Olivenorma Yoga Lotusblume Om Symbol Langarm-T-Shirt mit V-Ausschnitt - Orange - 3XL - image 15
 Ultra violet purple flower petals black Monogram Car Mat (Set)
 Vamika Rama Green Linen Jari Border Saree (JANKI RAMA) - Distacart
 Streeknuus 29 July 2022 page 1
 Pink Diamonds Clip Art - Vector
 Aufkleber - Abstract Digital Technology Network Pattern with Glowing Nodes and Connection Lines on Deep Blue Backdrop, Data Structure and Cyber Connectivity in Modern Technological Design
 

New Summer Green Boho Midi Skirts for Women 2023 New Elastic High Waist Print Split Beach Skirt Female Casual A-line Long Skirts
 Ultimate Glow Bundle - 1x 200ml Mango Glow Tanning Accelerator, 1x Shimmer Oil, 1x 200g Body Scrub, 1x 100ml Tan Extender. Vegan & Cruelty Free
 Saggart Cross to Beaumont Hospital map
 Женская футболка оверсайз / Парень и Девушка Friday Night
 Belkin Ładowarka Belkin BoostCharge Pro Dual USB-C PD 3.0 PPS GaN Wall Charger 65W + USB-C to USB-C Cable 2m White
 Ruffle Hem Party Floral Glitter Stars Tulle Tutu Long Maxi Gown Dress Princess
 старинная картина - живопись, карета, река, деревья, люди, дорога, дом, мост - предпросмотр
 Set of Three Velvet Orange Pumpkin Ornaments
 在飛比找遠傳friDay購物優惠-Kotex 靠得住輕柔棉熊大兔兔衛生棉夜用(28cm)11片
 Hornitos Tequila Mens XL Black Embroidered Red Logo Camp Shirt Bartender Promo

........

- _Task description_:
All of the data above needs to be retyped exactly, with each line as it stands.

- _Solution to the problem_:
Olivenorma Yoga Lotusblume Om Symbol Langarm-T-Shirt mit V-Ausschnitt - Orange - 3XL - image 15
 Ultra violet purple flower petals black Monogram Car Mat (Set)
 Vamika Rama Green Linen Jari Border Saree (JANKI RAMA) - Distacart
 Streeknuus 29 July 2022 page 1
 Pink Diamonds Clip Art - Vector
 Aufkleber - Abstract Digital Technology Network Pattern with Glowing Nodes and Connection Lines on Deep Blue Backdrop, Data Structure and Cyber Connectivity in Modern Technological Design
 

New Summer Green Boho Midi Skirts for Women 2023 New Elastic High Waist Print Split Beach Skirt Female Casual A-line Long Skirts
 Ultimate Glow Bundle - 1x 200ml Mango Glow Tanning Accelerator, 1x Shimmer Oil, 1x 200g Body Scrub, 1x 100ml Tan Extender. Vegan & Cruelty Free
 Saggart Cross to Beaumont Hospital map
 Женская футболка оверсайз / Парень и Девушка Friday Night
 Belkin Ładowarka Belkin BoostCharge Pro Dual USB-C PD 3.0 PPS GaN Wall Charger 65W + USB-C to USB-C Cable 2m White
 Ruffle Hem Party Floral Glitter Stars Tulle Tutu Long Maxi Gown Dress Princess
 старинная картина - живопись, карета, река, деревья, люди, дорога, дом, мост - предпросмотр
 Set of Three Velvet Orange Pumpkin Ornaments
 在飛比找遠傳friDay購物優惠-Kotex 靠得住輕柔棉熊大兔兔衛生棉夜用(28cm)11片
 Hornitos Tequila Mens XL Black Embroidered Red Logo Camp Shirt Bartender Promo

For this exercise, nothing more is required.